Prudential Settlement
More recently in January 2012, Prudential reached a similar settlement with 19 states. Prudential will not pay a fine, although it has agreed to restore the value of any affected accounts and pay the beneficiaries three percent compounded interest on the policy value. Prudential also pledged to comply with California laws and report unclaimed property on an accelerated basis when beneficiaries cannot be located.
The Road Ahead
Step 1: Monitoring the Death Master File
The National Conference of Insurance Legislators’ (NCOIL) Life Insurance & Financial Planning Committee has proposed an Unclaimed Life Insurance Benefits Act model law that states can adopt to require insurers to periodically check the DMF database. The basic stipulations in this model are likely to become requirements — or at least generally accepted best practices — for all insurance companies in the next few years.
On April 11, 2012, Kentucky passed HB 135, becoming the first state to enact a law modeled after the NCOIL language. This affects all insurers that have constituents in Kentucky, not just those who operate in the state.
The new law stipulates that life insurance companies must perform a comparison between in-force life insurance policies and retained asset accounts against the DMF, or an equally comparable database, at least on a quarterly basis to identify matches with insureds. In the case of a match, the insurer must, within 90 days, complete a good faith effort to confirm the death of the insured. If benefits are due, the insurer must use good faith efforts to locate the beneficiary(ies) and provide appropriate claim forms or instructions to make a claim. If beneficiaries or owners cannot be located, the benefits from a life insurance policy or a retained asset account, plus any applicable accrued interest, are required to escheat to the state as unclaimed property.

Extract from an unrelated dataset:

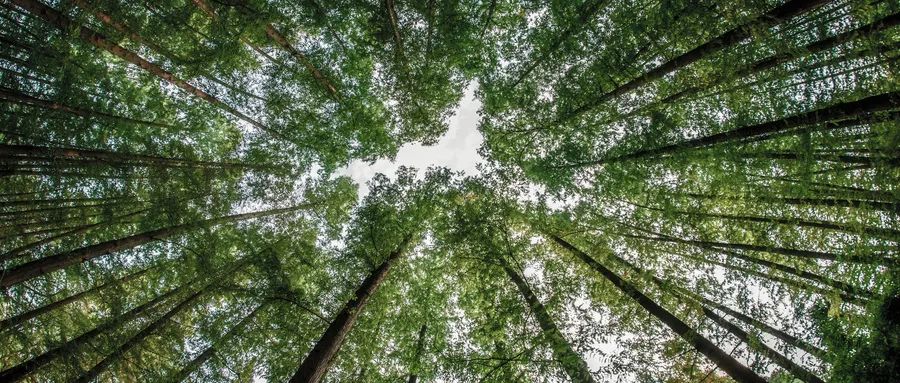 BOBty综合体育·(BOB Sport)官方网站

While Kentucky is the first state to enact such legislation, Alabama, Maryland, Tennessee, and, most recently, New York have also proposed legislation based on the NCOIL model.

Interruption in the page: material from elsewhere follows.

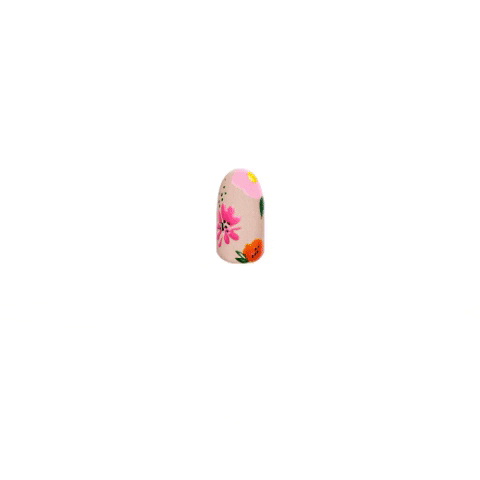 GIF by Color Camp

Step 2: Proactively Locating Beneficiaries
Conducting these searches will uncover hundreds if not thousands of policies with assets that are at risk of becoming unclaimed property, making it imperative that insurance companies have established processes for rapidly locating and communicating with beneficiaries. By effectively doing so during the short window of time before assets are required to be reported to the state, insurance companies can maximize the assets that are recovered by those individuals. This not only benefits the insurer’s bottom line, but also helps them protect their customers and fulfill the intent of their contracts.
The quality of policyholder data that insurers have on record varies greatly, making this task a challenging one, and one that is not likely to be resolved by simple due diligence. However, with a certain degree of data analysis, data improvement, and manual outreach, communicating with beneficiaries can be done with great effect. As managing unclaimed property is not a core competency for most insurance companies and internal systems and resources are not adequately prepared to handle the influx of the regulations imposed, many insurers are choosing to outsource beneficiary location, compliance, and communication responsibilities to a specialist.
Conclusion
Recent events have forever changed the unclaimed property landscape for insurance companies. But with adversity comes opportunity. By embracing the “new normal” reality and effective programs to proactively manage and minimize unclaimed property reporting obligations, insurance companies can face compliance responsibilities and audits confidently, and ultimately focus on their core business offerings to maximize policyholder service and support for their clients.